It may be worth while to draw a picture of what may possibly occur within the next decade. In this picture we see the United States producing at an annual rate of five or six hundred million barrels, Venezuela and Colombia contributing one hundred and fifty or two hundred million, Russia one hundred to one hundred and fifty million and Persia with Mesopotamia contributing some hundred million, with the remainder of the world's supply coming from a large number of lesser resources. In each case the increase in production will tend to elevate the standard of living and to increase government revenues for a time at least, but the restrictions imposed by decline of production and curtailment of revenues have great potentialities for trouble.

Referring again to the three broad areas in which the world's reserves appear to be concentrated, it is of interest to note that the first is, of course, under control of the United States; in the second (Gulf- Caribbean) the ownership of concessions is divided between British and American interests; while the third (Black Sea-Caspian) is largely within the British sphere of influence. Thus, it seems that even though the rates of production in the various countries change substantially it is likely that the world situation will be dominated by America or Great Britain, especially as Britain and America are the dominant financial powers of the world and the oil industry is firmly intrenched in each.

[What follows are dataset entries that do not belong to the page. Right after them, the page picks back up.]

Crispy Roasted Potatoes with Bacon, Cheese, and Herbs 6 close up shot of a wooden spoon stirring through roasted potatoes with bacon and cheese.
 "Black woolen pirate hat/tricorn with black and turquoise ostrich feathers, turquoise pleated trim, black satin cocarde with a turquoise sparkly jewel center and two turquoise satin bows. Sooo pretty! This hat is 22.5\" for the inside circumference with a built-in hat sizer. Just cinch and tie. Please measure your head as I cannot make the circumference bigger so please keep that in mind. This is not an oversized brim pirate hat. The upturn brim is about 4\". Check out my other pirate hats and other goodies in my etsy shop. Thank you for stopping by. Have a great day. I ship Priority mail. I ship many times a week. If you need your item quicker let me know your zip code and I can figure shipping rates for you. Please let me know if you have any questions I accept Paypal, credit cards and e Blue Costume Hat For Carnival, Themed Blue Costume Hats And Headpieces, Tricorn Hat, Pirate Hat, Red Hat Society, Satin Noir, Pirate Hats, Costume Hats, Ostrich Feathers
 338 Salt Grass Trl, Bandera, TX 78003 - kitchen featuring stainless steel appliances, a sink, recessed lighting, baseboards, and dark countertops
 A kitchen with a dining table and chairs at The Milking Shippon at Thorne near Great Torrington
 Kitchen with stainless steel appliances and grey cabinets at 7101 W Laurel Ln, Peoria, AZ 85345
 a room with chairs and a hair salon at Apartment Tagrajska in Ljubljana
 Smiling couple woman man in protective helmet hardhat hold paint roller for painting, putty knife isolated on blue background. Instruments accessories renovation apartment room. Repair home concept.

As a result Britain or America, or both together will have to do with oil development in one country after another, as the focus of operations shifts from time to time; one or both will be involved in legal and diplomatic tangles that may arise, and the extent of their co-operation and the fairness they show will determine to a large extent whether the control of the world's oil supply shall be in the interests of peace or of war. If England and America would support opposing factions in some weaker country, each working to give the control of the local oil supply to its own nationals, the possibilities for trouble would be very real. Each country may count on receiving support from its nationals on the plea that oil is necessary for national defence, even though the controversy may be fundamentally one of commercial competition rather than a matter of national defence.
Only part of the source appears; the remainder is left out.